このような関係があることで、信頼できる相手が社内に増え、失敗を恐れずに意見を出したり新しいことに手を挙げたりしやすくなります。「困ったときは助けてくれる仲間がいる」という安心感が、行動する勇気を後押しします。
「斜めのつながり」が広がると、社員は「言われたから動く」のではなく、「自分の意見で会社を動かせる」と感じられるようになります。その結果、会社のことを自分ごととして捉える姿勢が育ち、社員一人ひとりが主体的に動く、自走する組織文化ができていきます。

成長を後押しする評価と対話の仕組み
第4回目で、評価制度の構築についてお話しましたが、制度の構築も社員の行動を支える大切な仕組みの一つです。

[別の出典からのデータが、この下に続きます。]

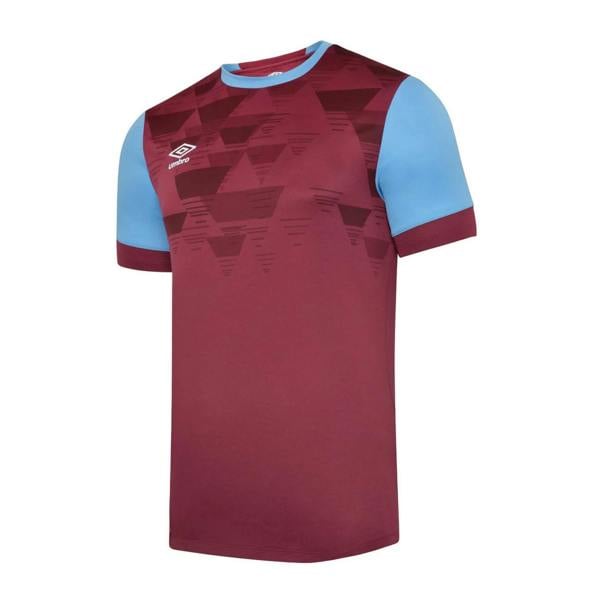 Umbro Unisex Adult Vier Jersey - New Claret/Sky Blue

ただ、“人を評価すること”が成長に繋がるのではなく、“成長を支援すること”が軸にある評価制度である必要があります。
また、制度の内容に加え、どのように対話を重ねるかが鍵になります。
評価は何ができたかだけでなく、「次にどう挑戦するか」を一緒に考える場にし、そうした時間を通じて社員は「自分の成長が会社の成長につながっている」と実感することに繋がります。

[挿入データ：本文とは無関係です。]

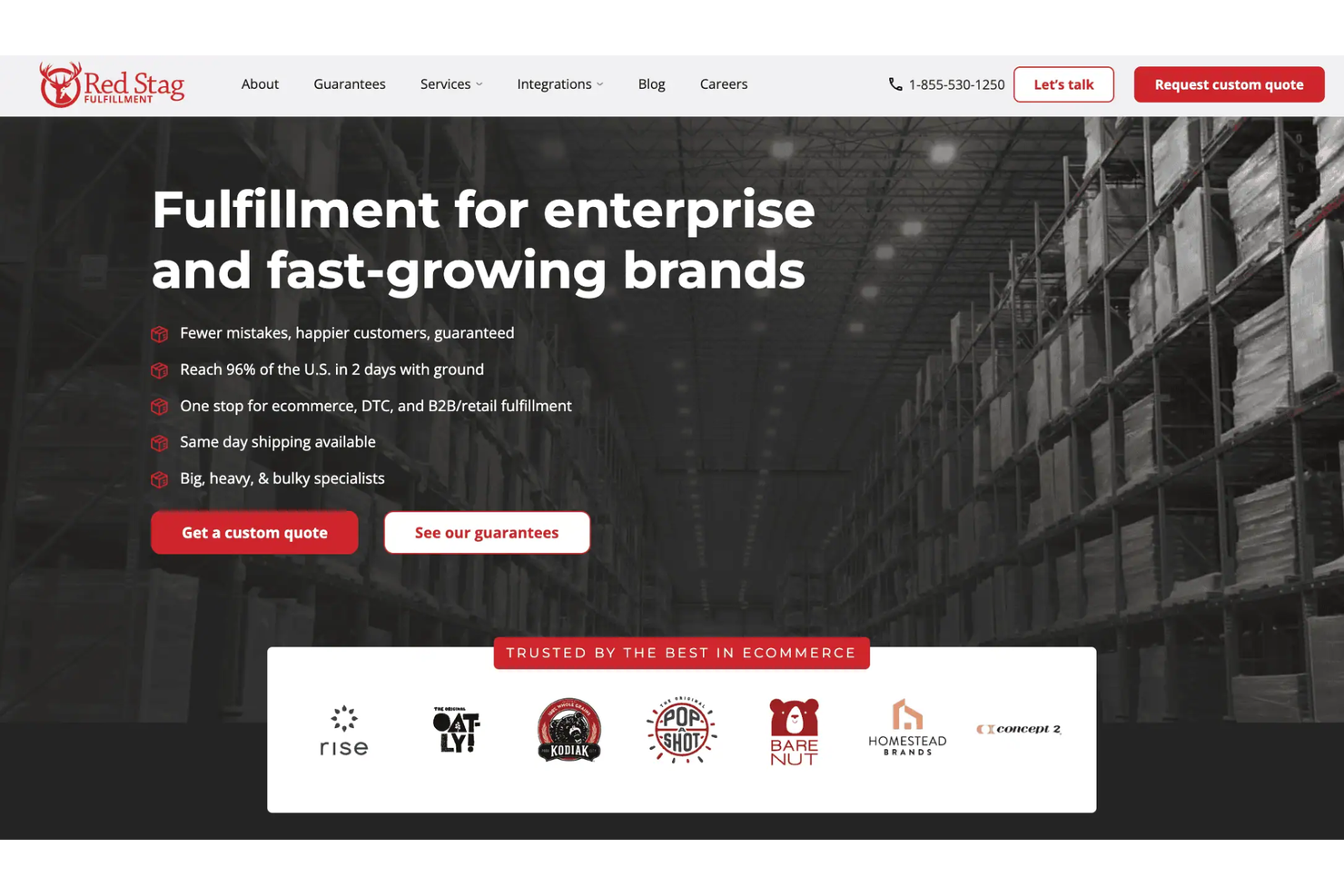 Red Stag Fulfillment screenshot - Los 10 Mejores Software de Gestión de Pedidos Clasificados para 2026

評価を一方的な査定にせず、定期的な1on1や中間面談で振り返る仕組みをつくる。そこに「対話を重ねながら前に進む」という文化が根づくと、制度は単なる仕組みではなく“成長を後押しする習慣”になります。
社長・経営者がどう社員と関わるか
社員が自走できる組織をつくるうえで、最も大きな影響を与えるのは経営者の関わり方です。社長・経営者の姿勢や言葉は、そのまま組織文化となり、社員の考え方や行動に深く影響していきます。

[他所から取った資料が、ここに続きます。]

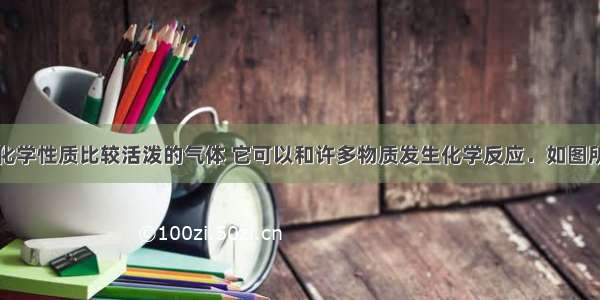 氧气是一种化学性质比较活泼的气体 它可以和许多物质发生化学反应．如图所示．关于三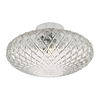 Dar Large Bibiana Glass Flush Wall Light - Clear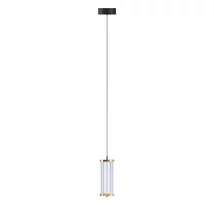 Pendul Zuma Cally metal,sticla,auriu, transparent,LED,3000K-6000K,7W,800Lm - ZU-MD3147-1A-3GT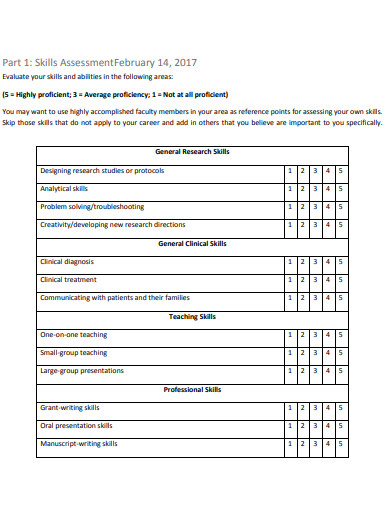 simple faculty individual development plan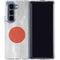 Japanese Flag Distressed Galaxy Z Fold5 5G Clear Case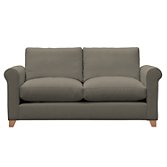 John Lewis Options Scroll Arm Medium Sofa, Linley Slate, width 175cm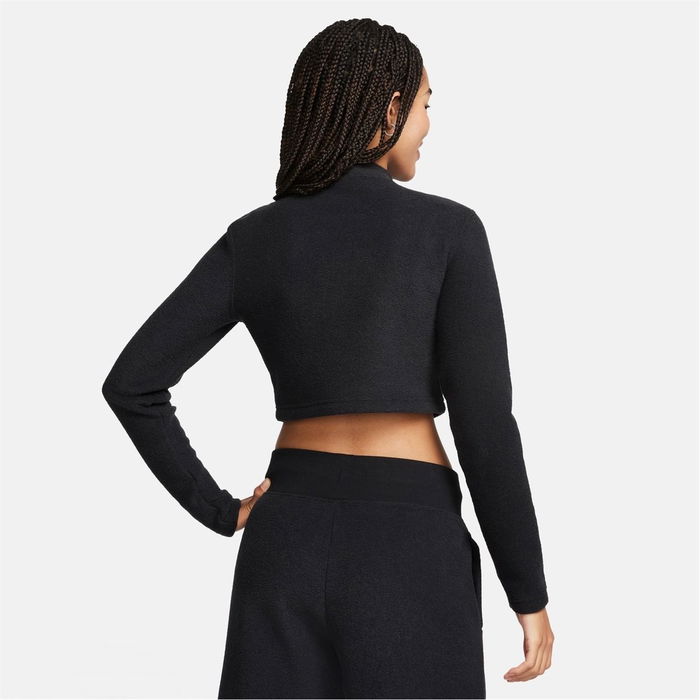 Sportswear Phoenix Plush Womens Long Sleeve Crop Top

社員の主体性を引き出すには、「伝える」よりも「聞く」姿勢が欠かせません。会社への想いを一方的に語るのではなく、社員が感じている課題や意見に耳を傾け、「どう思う?」「やってみようか」といった一言をかけることが、社員の背中を押すきっかけになります。自分の意見を受け止めてもらえたとき、自然と前向きに動き出すことができます。
また、社長・経営者が現場に足を運び、直接言葉を交わすことも大切です。数字や成果だけでなく、日々の努力や葛藤に目を向けることで、「見てもらえている」という安心感につながります。その安心感があるからこそ、社員は新しい挑戦に踏み出せるのです。
社員に任せるとは、すべてを手放すことではなく、経営者が方向性を示しながら、信頼して委ねることです。その積み重ねが、社員が会社を自分ごととして捉え、自ら動く文化を育てていきます。

まとめ
社員が「会社を良くしたい」「自分の成長を会社の成長につなげたい」と心から思えるようになれば、組織は自然と前に進んでいきます。
そのために大切なのは、社員の声を聞く小さな場をつくること。日々の対話の積み重ねこそが、会社を“自分ごと”として捉える第一歩になります。